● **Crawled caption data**
━━━━━━━━━━
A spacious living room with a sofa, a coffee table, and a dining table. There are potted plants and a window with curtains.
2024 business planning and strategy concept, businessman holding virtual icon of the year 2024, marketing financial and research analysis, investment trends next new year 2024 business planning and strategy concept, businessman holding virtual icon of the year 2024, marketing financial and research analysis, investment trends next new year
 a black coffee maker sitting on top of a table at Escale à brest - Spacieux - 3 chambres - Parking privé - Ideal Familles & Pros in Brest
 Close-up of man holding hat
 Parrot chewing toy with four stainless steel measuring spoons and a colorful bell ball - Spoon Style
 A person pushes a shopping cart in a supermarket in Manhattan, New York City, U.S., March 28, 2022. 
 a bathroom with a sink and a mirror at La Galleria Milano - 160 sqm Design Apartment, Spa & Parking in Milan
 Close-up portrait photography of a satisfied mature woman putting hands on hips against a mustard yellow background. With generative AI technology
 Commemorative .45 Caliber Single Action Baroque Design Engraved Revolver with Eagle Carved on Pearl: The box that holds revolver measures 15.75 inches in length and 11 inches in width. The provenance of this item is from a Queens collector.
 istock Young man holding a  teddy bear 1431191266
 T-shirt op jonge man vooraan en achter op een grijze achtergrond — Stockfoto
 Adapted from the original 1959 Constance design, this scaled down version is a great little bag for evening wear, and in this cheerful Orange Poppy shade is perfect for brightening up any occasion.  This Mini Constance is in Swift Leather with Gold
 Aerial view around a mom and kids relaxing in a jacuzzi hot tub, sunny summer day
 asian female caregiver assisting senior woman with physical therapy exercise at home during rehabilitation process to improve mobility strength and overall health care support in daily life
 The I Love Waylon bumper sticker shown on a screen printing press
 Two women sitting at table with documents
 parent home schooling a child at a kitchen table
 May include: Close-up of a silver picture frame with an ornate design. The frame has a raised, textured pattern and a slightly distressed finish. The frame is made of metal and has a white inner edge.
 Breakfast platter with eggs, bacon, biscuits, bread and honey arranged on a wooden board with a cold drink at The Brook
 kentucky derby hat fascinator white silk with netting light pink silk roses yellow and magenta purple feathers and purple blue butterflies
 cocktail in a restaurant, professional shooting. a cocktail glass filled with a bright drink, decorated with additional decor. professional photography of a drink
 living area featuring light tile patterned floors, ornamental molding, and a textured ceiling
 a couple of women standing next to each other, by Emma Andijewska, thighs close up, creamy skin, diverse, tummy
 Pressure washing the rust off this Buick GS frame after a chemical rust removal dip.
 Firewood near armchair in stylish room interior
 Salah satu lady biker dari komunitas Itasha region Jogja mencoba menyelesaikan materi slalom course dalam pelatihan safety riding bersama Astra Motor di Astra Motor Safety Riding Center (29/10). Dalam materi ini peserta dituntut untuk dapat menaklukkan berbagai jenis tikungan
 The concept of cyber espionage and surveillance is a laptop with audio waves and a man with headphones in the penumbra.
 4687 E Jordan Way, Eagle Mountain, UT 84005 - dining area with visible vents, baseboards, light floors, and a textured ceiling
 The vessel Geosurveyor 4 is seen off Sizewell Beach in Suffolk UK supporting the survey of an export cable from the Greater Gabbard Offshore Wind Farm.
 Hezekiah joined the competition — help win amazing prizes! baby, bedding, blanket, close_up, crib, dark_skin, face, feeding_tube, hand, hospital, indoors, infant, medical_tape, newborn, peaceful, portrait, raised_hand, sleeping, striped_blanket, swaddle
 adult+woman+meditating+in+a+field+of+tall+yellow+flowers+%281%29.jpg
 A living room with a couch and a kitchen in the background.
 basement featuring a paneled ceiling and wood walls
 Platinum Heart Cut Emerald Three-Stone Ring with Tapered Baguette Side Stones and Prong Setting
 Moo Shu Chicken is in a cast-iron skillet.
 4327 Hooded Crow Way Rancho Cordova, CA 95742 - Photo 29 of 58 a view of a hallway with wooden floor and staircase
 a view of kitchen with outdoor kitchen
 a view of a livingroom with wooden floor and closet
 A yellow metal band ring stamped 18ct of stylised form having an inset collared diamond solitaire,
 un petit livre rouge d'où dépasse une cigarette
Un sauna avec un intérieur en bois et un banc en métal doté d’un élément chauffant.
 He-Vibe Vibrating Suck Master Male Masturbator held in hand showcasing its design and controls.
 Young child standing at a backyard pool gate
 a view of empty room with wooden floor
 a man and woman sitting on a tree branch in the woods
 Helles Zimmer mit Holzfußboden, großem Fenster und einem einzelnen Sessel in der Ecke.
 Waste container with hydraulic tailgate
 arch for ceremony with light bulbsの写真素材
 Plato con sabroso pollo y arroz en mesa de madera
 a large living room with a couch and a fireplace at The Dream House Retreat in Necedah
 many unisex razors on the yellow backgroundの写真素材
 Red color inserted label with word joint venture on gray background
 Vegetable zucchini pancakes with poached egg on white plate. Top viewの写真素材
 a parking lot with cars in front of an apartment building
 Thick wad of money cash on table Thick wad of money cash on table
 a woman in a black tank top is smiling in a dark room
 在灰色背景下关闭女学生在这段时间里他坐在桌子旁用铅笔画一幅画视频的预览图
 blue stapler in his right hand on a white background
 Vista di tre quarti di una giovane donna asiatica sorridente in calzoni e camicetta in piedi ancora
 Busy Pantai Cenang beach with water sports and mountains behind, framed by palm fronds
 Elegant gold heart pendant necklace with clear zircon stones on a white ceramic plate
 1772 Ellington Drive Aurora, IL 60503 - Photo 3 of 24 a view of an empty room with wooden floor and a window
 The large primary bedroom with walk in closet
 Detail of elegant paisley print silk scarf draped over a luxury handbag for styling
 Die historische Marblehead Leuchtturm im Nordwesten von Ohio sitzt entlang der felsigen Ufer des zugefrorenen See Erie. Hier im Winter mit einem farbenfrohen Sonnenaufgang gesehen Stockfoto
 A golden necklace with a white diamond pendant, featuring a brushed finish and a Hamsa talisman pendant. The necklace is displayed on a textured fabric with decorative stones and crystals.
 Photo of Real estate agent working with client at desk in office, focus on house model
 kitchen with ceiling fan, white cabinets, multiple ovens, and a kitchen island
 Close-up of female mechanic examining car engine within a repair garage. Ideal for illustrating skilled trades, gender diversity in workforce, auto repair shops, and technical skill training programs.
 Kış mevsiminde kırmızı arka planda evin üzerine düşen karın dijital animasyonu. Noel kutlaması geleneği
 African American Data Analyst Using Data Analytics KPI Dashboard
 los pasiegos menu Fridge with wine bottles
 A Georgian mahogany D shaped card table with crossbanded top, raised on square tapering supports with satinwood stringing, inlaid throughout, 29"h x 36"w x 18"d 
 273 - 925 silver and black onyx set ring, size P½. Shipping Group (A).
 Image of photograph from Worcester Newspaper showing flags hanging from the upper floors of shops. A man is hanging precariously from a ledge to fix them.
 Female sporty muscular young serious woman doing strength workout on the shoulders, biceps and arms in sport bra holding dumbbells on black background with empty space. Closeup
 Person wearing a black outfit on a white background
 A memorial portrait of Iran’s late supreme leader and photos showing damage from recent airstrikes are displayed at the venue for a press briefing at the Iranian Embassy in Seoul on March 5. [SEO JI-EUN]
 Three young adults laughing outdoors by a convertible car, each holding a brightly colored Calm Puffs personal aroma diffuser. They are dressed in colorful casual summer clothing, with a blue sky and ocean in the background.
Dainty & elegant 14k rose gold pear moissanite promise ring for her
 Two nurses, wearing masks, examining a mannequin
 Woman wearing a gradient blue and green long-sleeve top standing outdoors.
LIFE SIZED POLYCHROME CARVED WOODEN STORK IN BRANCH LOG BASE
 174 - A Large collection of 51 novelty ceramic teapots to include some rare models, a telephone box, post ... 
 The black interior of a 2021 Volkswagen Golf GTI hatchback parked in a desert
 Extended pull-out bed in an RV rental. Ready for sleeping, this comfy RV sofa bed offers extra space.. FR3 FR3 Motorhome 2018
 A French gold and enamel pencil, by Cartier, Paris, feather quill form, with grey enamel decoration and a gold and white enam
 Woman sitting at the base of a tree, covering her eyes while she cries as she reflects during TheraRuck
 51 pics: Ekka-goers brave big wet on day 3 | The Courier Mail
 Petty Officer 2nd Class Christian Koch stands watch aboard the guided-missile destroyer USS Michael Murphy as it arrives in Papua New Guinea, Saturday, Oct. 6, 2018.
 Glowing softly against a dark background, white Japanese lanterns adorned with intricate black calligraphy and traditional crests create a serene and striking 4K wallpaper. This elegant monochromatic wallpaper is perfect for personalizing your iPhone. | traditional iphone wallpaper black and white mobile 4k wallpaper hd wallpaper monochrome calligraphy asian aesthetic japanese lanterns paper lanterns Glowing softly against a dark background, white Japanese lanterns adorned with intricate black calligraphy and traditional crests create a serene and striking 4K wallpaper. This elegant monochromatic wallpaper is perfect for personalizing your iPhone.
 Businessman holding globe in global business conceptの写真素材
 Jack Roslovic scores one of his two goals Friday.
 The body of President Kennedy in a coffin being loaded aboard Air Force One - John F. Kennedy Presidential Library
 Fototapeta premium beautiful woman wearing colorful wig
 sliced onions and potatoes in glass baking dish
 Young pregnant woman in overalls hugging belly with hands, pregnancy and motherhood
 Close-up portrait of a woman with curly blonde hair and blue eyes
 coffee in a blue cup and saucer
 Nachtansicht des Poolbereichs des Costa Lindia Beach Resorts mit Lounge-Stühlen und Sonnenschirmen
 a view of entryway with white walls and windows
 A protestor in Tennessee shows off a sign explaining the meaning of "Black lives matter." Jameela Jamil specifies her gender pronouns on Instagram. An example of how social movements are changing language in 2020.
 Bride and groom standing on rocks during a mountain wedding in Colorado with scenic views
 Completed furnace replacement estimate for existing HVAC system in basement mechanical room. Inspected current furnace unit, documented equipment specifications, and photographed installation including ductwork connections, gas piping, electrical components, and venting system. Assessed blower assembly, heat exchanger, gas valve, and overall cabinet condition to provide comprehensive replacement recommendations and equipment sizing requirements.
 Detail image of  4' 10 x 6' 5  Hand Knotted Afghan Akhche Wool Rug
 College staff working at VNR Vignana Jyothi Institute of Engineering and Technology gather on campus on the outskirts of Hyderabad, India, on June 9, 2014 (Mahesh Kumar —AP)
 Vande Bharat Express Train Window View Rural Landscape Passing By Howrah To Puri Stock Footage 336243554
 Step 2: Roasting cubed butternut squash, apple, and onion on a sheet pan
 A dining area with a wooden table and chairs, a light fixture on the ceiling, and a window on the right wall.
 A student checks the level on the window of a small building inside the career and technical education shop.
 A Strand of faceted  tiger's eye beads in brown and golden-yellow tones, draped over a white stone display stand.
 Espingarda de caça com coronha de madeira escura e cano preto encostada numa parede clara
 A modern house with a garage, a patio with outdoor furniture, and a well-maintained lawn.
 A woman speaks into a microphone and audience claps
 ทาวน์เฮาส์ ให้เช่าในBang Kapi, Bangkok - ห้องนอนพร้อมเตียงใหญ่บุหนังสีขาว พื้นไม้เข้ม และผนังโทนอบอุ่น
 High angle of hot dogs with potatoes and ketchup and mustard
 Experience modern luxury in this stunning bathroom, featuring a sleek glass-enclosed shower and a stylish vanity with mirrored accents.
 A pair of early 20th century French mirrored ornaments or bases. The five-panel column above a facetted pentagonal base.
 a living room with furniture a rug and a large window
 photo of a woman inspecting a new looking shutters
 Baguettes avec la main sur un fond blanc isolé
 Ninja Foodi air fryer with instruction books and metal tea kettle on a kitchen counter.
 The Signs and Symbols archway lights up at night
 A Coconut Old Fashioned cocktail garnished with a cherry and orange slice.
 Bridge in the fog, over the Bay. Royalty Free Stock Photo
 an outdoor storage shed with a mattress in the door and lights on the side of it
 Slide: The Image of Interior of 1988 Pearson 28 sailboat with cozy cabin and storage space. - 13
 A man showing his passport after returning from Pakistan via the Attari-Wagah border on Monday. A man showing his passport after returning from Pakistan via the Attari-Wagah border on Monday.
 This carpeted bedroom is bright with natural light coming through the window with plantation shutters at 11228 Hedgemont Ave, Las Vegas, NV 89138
━━━━━━━━━━
● **TASK BRIEF**
Your answer should consist only of the lines above between the line holding "coffee in a blue cup and saucer" and the line holding "A protestor in", inclusive, each transcribed exactly.

● **RESPONSE BOX**
 coffee in a blue cup and saucer
 Nachtansicht des Poolbereichs des Costa Lindia Beach Resorts mit Lounge-Stühlen und Sonnenschirmen
 a view of entryway with white walls and windows
 A protestor in Tennessee shows off a sign explaining the meaning of "Black lives matter." Jameela Jamil specifies her gender pronouns on Instagram. An example of how social movements are changing language in 2020.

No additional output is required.